I'm not really reading the words on my computer screen. I'm just desperately pretending to.

"You're never going to break free of this cycle. You’re going to be unpublished for the rest of your life. You're useless!"

Alright. My hands drop from the key board and I stop kidding myself. Keeping busy isn’t working. Time to call in the big guns. I forward my rejection to everyone in my critque group asking for their opinion. Of course, I’m not really asking for their opinion. What I desperately need is a compliment or better yet, outrage. “How dare they reject your work! How dumb can they be!”

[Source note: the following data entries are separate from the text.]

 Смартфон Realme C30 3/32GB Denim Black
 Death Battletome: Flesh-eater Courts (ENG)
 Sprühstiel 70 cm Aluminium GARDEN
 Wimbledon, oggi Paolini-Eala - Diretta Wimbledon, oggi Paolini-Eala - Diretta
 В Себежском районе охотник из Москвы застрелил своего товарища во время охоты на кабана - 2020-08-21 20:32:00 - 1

This is just a bump in the road right? That stooopid publisher just can't see how good I am, right? Cause I am good?.... aren't I? Maybe... Just a little.... For pete’s sake, give me something!

That's when my eyes start to fog a bit and I sit there resolutely blinking furiously.

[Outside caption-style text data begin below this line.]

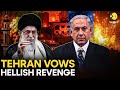 Israel Iran War LIVE Iran Warns US Israel Of Hellish Retaliation As War Fears Grow In Mid East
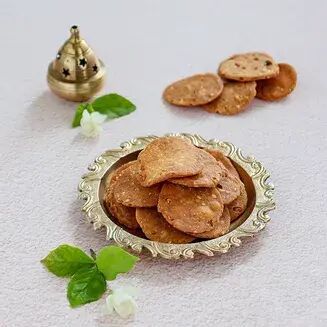Small Nipattu Snacks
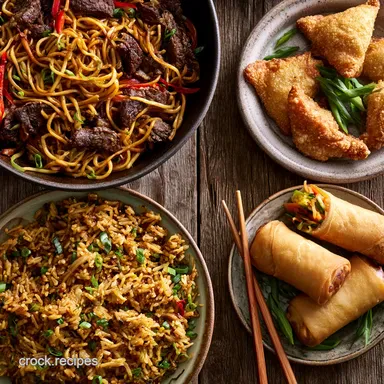 7 Easy Chinese Takeout Recipes for Home Cooks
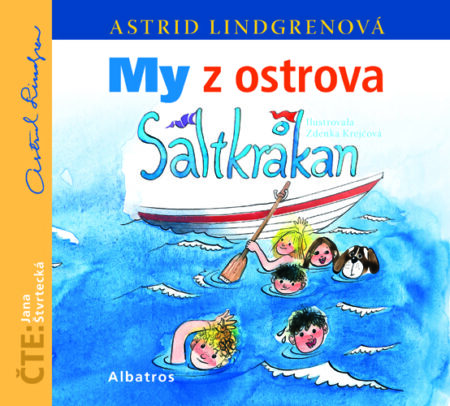 My z ostrova Saltkrakan
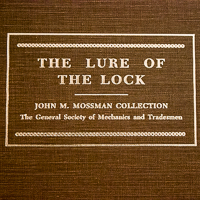 Mossman Lock Museum Admission, Schedule, Location, Exhibits · Permanent  Collection.nyc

I am not going to be pathetic.
I am not going to be pathetic.
I'm a business woman and if I had balls they’d be made of steel.
My boobs are solid rock anyway. Or maybe that’s just cause the baby is almost due for a feed. I get up and call my husband.

"I got rejected again!" I wail.

"Don't worry darling, someone else will take it?"

"What if no one does?"

"Don't worry, you'll write another."

Write another! My fingers are in my hair pulling at the roots. The baby is crying in the background. The washing machine has just stopped and expects to be unloaded. And suddenly I'm panicking. When! Damn it! It’s not like novels just pop out of me like toast. I have no time, I have no ...

Some of my thoughts must have come blurting out because my husband’s voice is louder. He’s clearly trying to be heard over the hysteria. "Look, I'll try to come home early tonight okay. It'll be alright. You just need to keep trying."

Keep trying.

I put the phone down, knowing he's right. I've been an unpublished serious writer for twelve years. I know the drill. You try and you try and you try and when you're done trying, you try some more. That’s solution. That’s the big kick arse solution to dealing with rejection. If only it had a little more kick and a little less arse, we’d all be better for it.

So I went back to my computer to read the commiserations freshly arriving from my fabulous critique group and felt slightly better.

I am a great writer.
Loretta

03 January 2008

I got the call…er email!

Actually dh got the e-mail, I was swimming laps and he came out to tell me my fantasy short story, ‘Dar-Otter, Pearl Otter, Can’t find me’ had been accepted by Wet Ink Magazine for their March edition (issue 10). I told dh to stop joking and went back to swimming. Then dh came out with a print of the e-mail.
The laps were forgotten.
Absolute disbelief. I know I should say elation or something. It’s a bit surreal. Part of me goes it’s only a short story, get over yourself, the other half, ‘I’m published, Woo hoo!’
What a start for 2008.
Now its fingers to keyboard to edit and submit something bigger.

A big thankyou to my dh, miss 4 and 1.5 and the WINK girls for all their support and help.